_Task_.
Every line of the data should be written out exactly, with the pictures left out.

_Supplied information_.
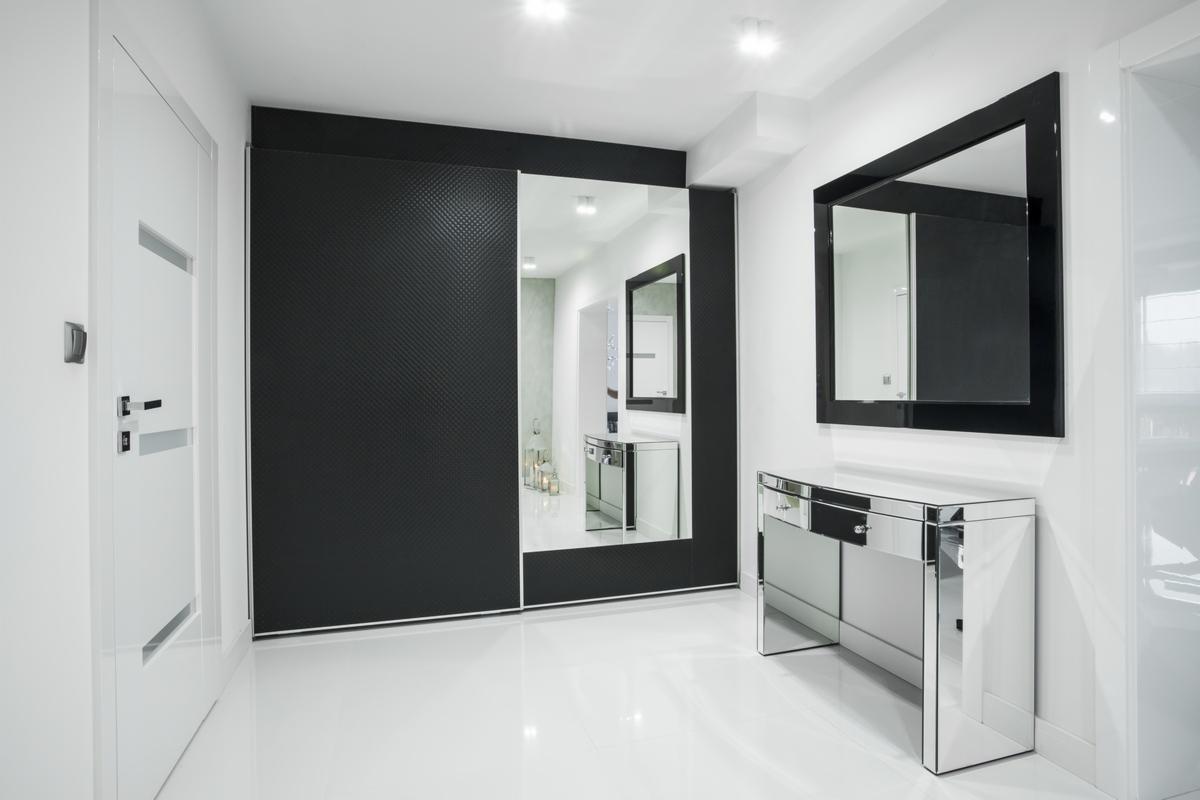 Nowoczesny przedpokój w czerni i bieli z przesuwną szafą z lustrem i konsolą z lustrzanym wykończeniem, oświetlony punktowymi lampami.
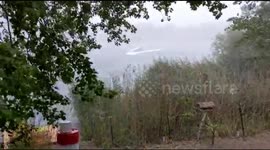 Heavy rain while thunderstorm Hits zur Garden suddenly in the middle of the day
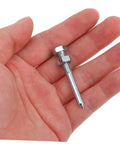 Close-up of a metal spike from Heavy Duty Lawn Aerator Shoes Spikes Set With 20 Metal Spikes For Grass Shoes, held in a hand.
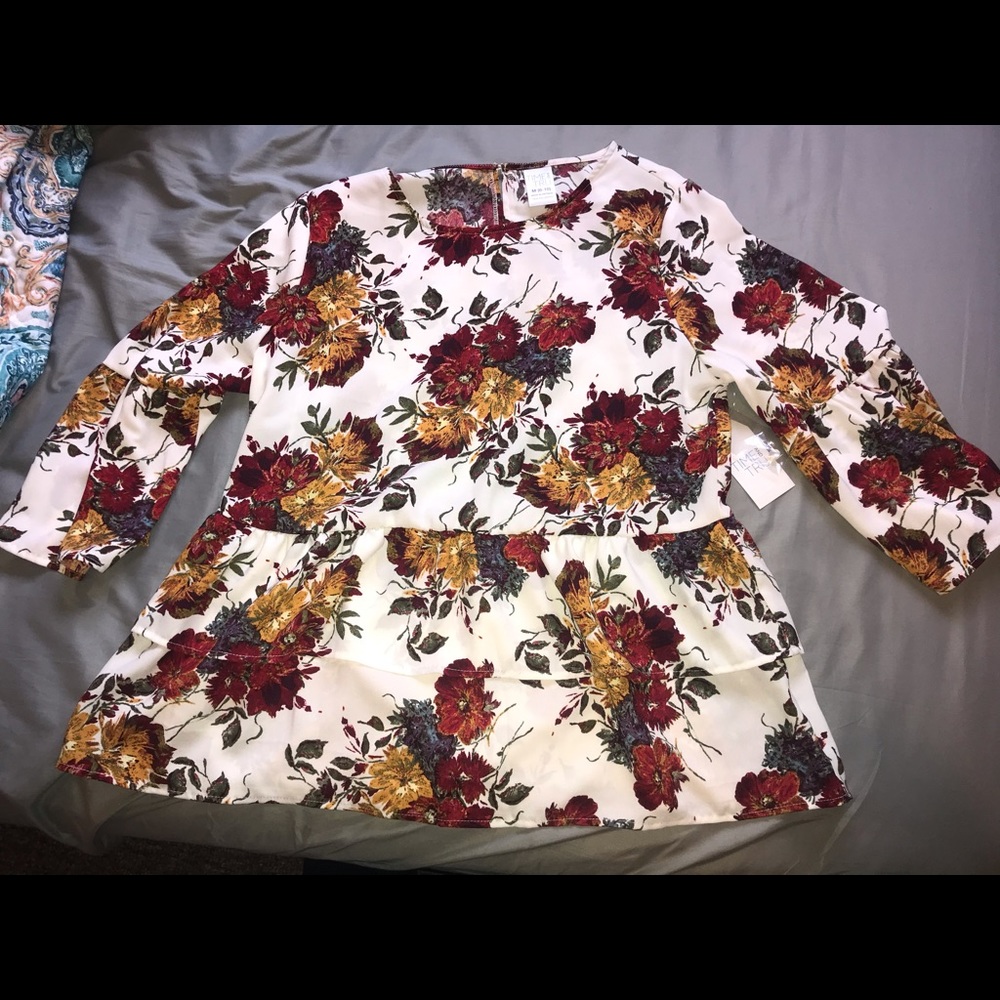 Beautiful floral peplum top!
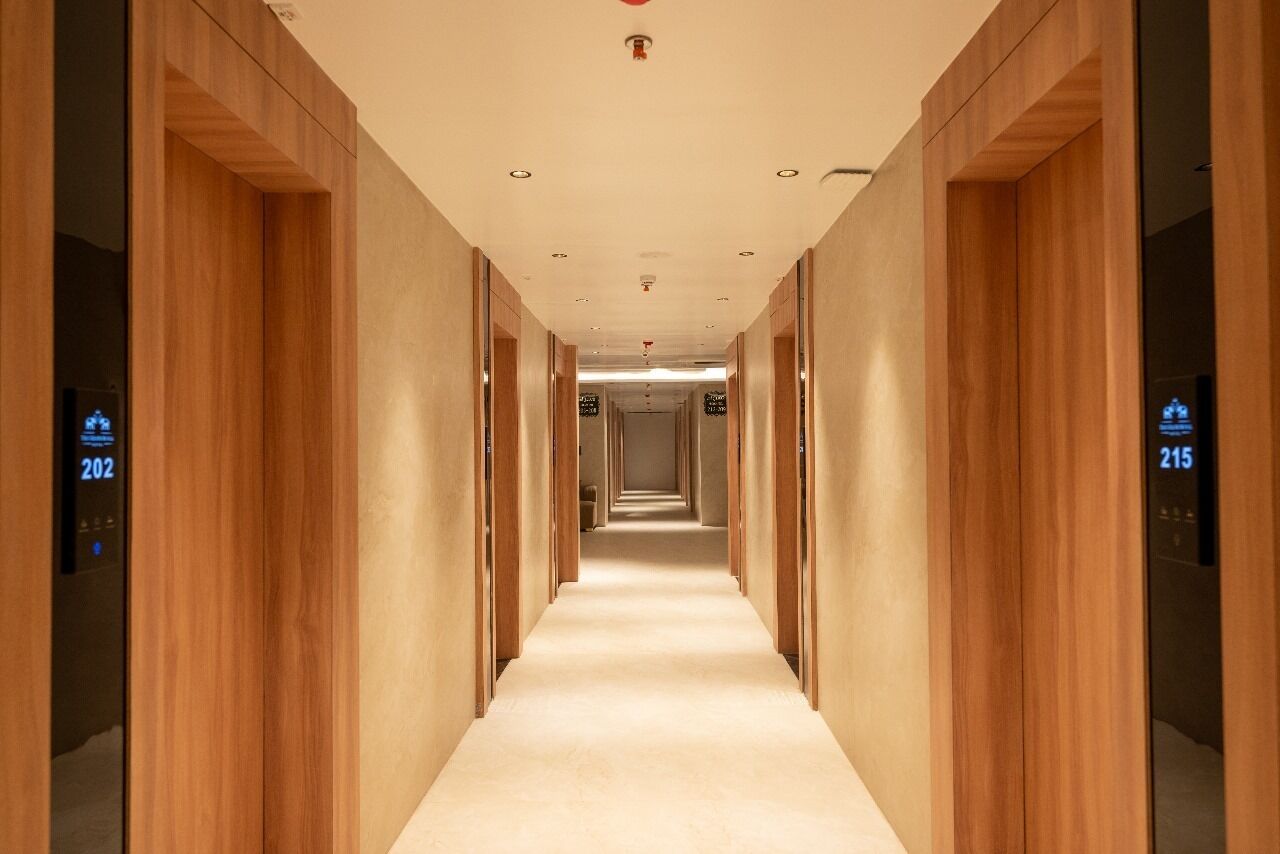 A modern hotel corridor with wooden paneling and a carpeted floor.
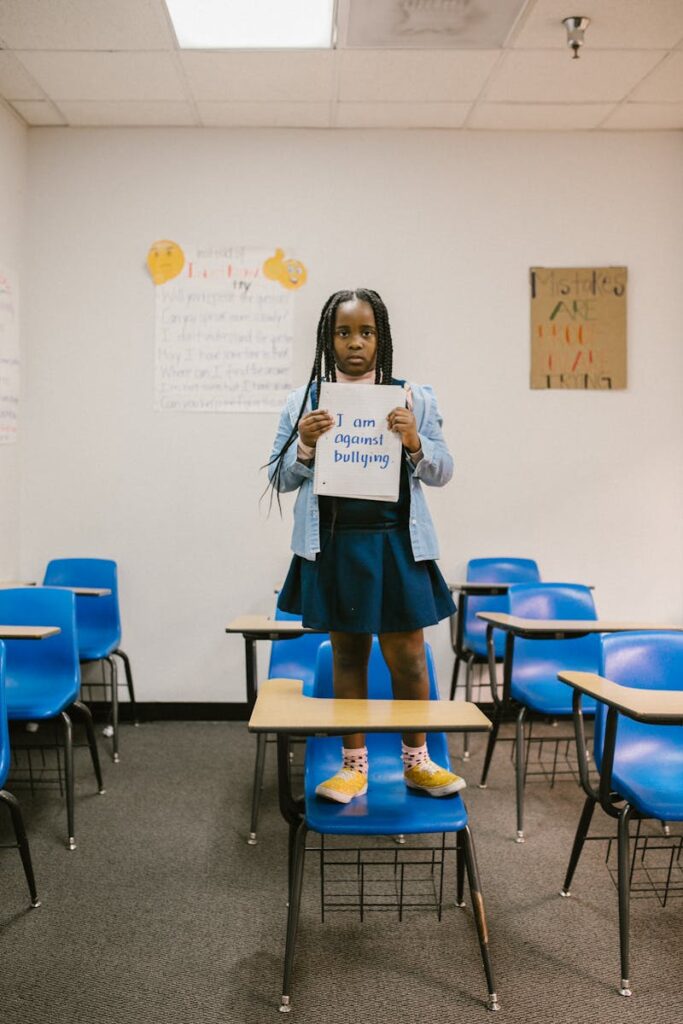 A child holds an anti-bullying sign in a classroom, promoting awareness.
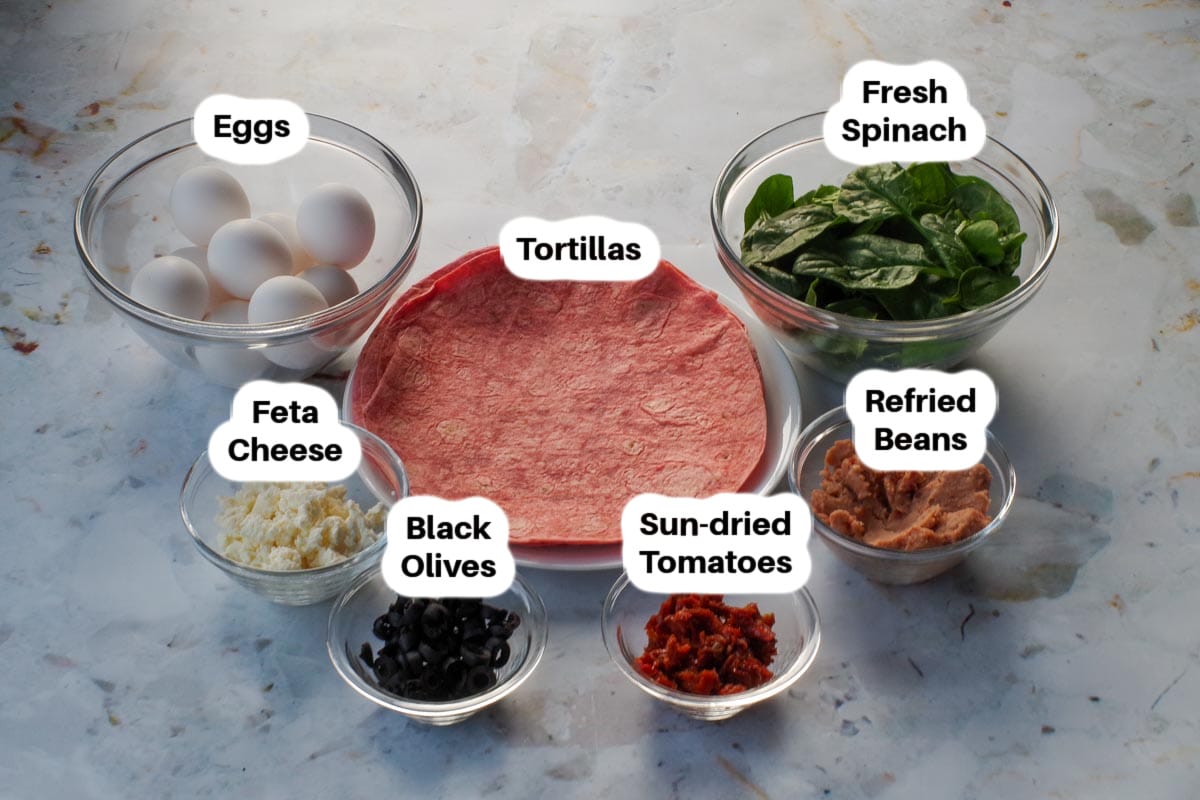 Mediterranean Breakfast Burrito ingredients in glass bowls, labelled.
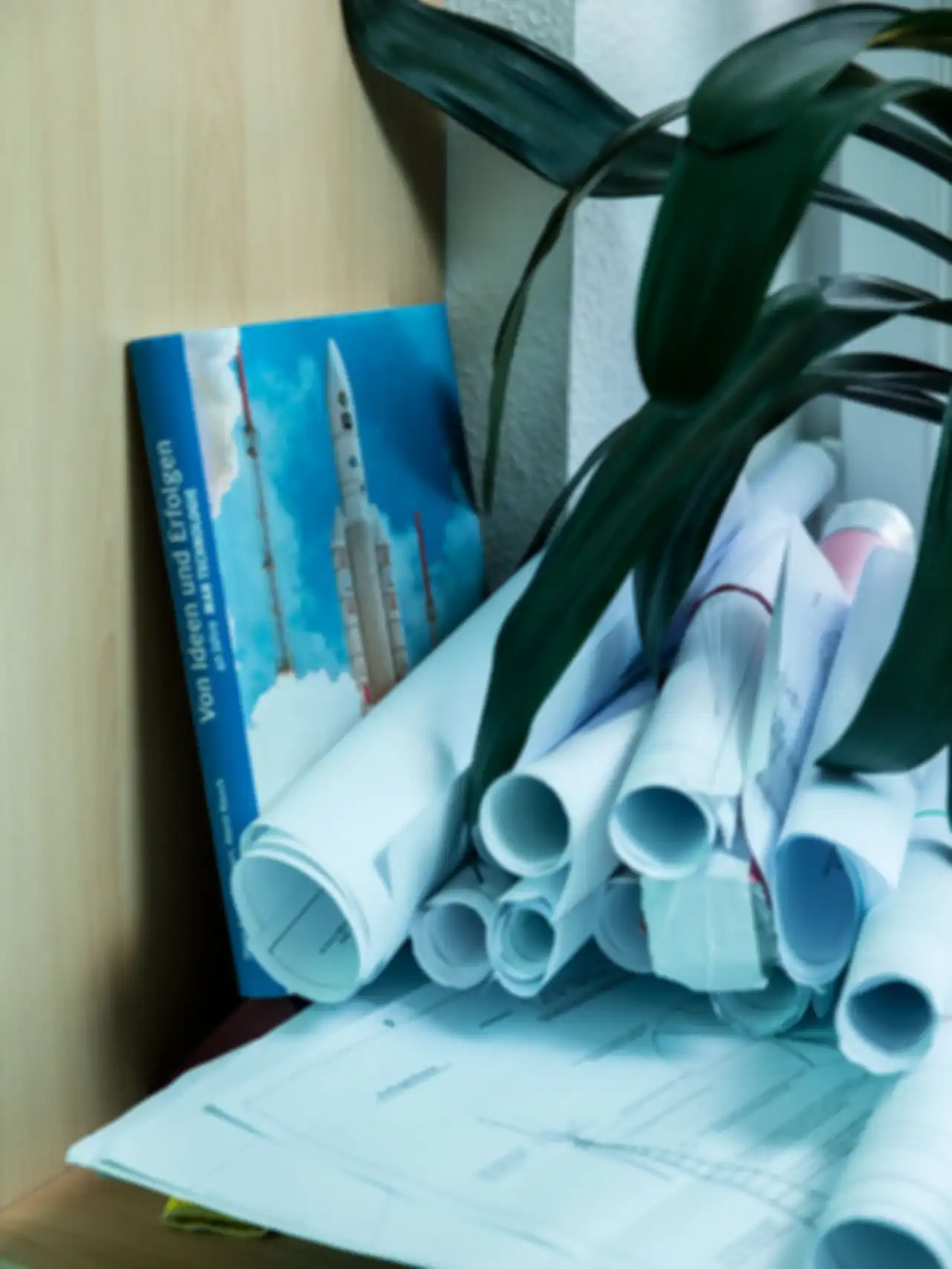 Documents related to the wind turbine are rolled up and stacked on top of each other
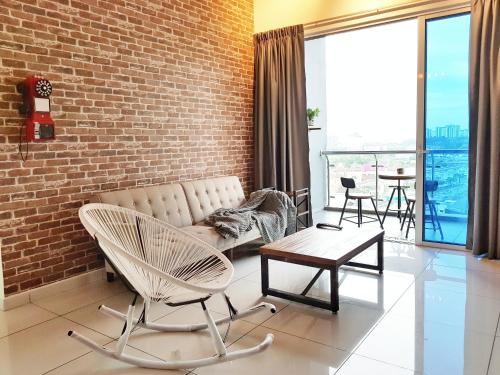 a living room with a couch and a brick wall at No.2 The Loft @Puchong Skypod Residence in Puchong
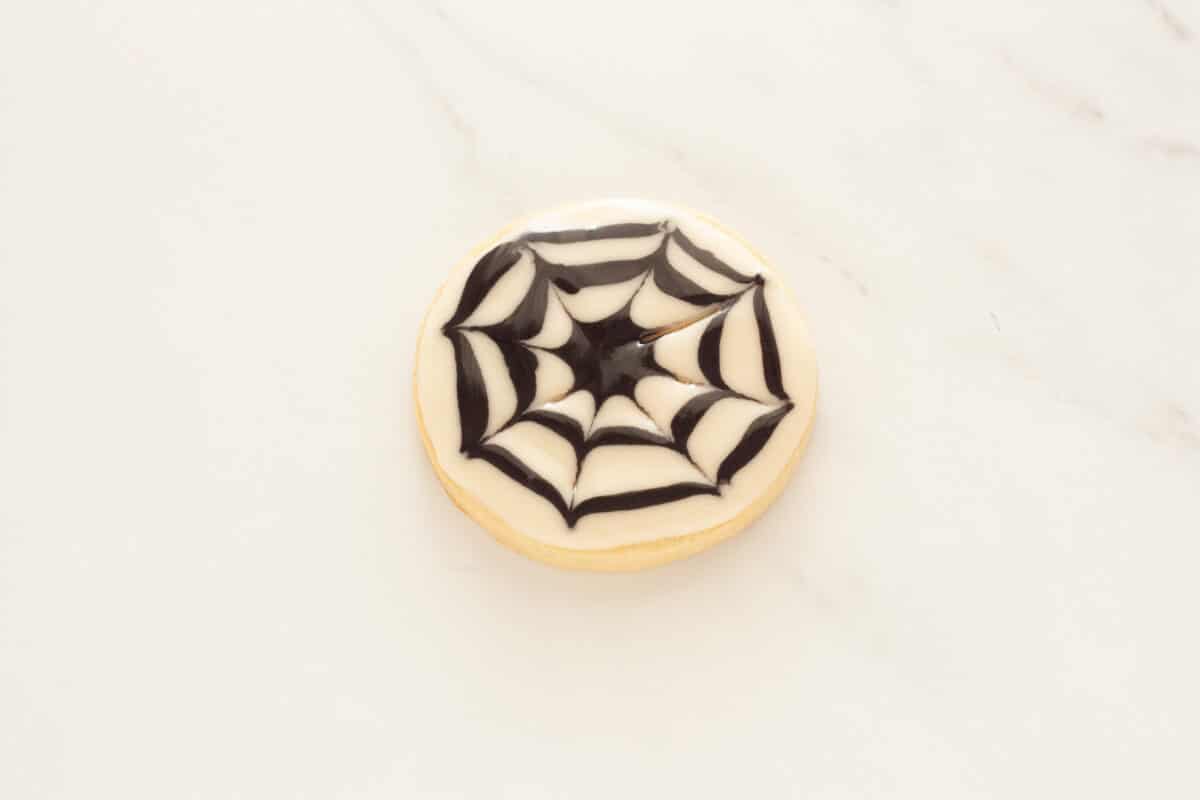 A spider web cookie with black and white glaze.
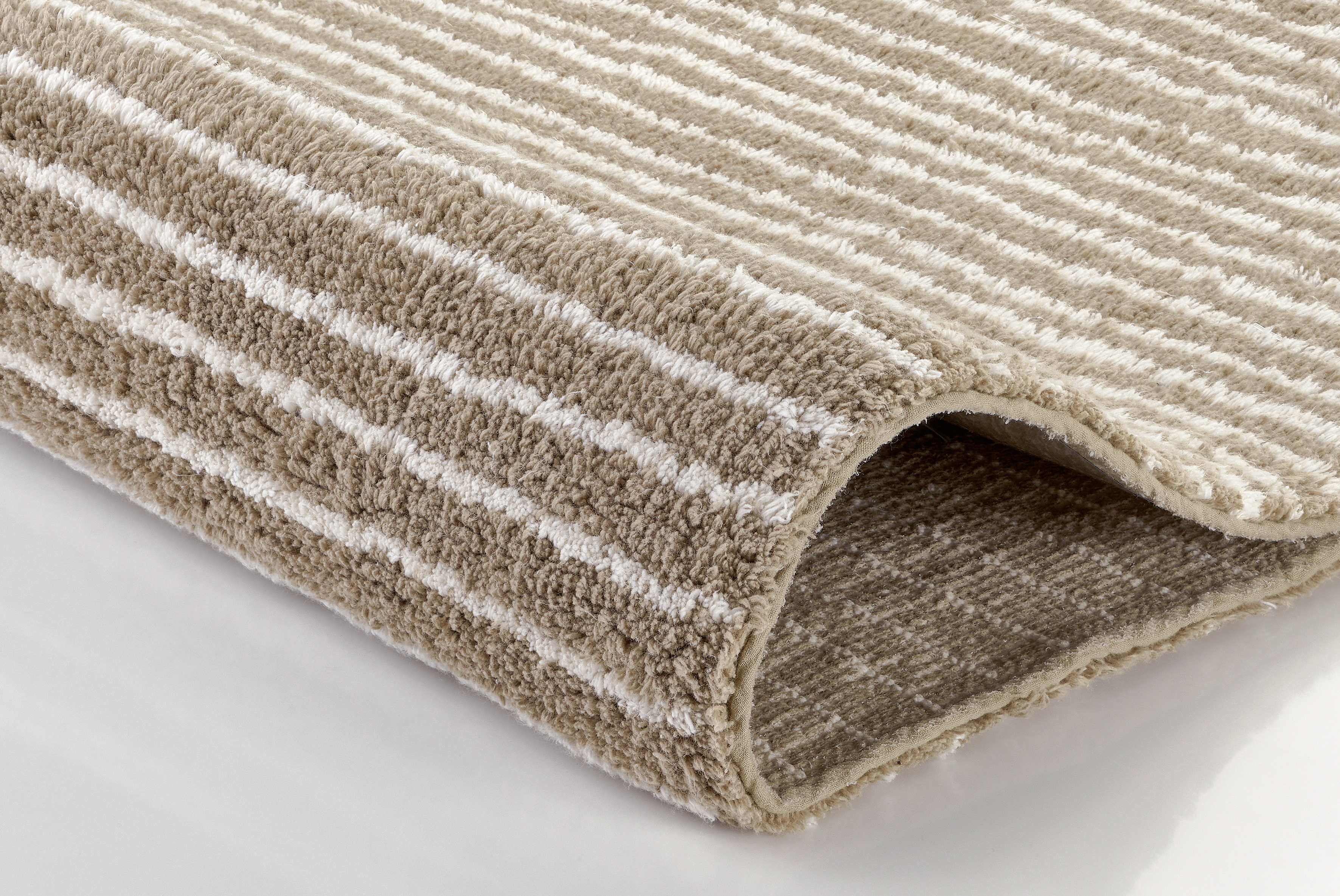 Beige-weißer Teppich mit Streifenmuster, weiche Textur, ideal für Wohn- und Schlafzimmer.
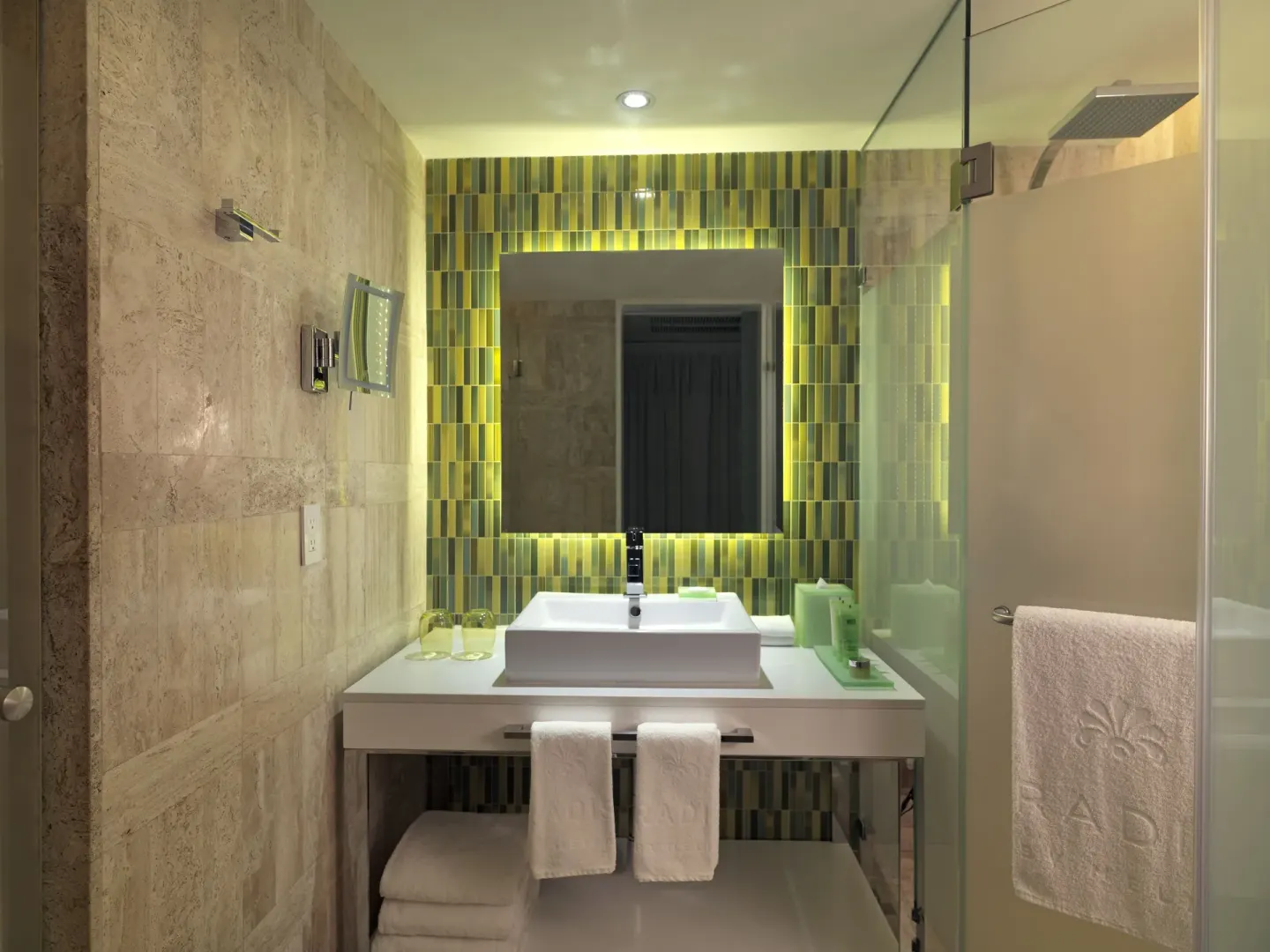 Junior Suite bathroom vanity and glass shower at Paradisus Los Cabos.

_Response to the task_.
 Nowoczesny przedpokój w czerni i bieli z przesuwną szafą z lustrem i konsolą z lustrzanym wykończeniem, oświetlony punktowymi lampami.
 Heavy rain while thunderstorm Hits zur Garden suddenly in the middle of the day
 Close-up of a metal spike from Heavy Duty Lawn Aerator Shoes Spikes Set With 20 Metal Spikes For Grass Shoes, held in a hand.
 Beautiful floral peplum top!
 A modern hotel corridor with wooden paneling and a carpeted floor.
 A child holds an anti-bullying sign in a classroom, promoting awareness.
 Mediterranean Breakfast Burrito ingredients in glass bowls, labelled.
 Documents related to the wind turbine are rolled up and stacked on top of each other
 a living room with a couch and a brick wall at No.2 The Loft @Puchong Skypod Residence in Puchong
 A spider web cookie with black and white glaze.
 Beige-weißer Teppich mit Streifenmuster, weiche Textur, ideal für Wohn- und Schlafzimmer.
 Junior Suite bathroom vanity and glass shower at Paradisus Los Cabos.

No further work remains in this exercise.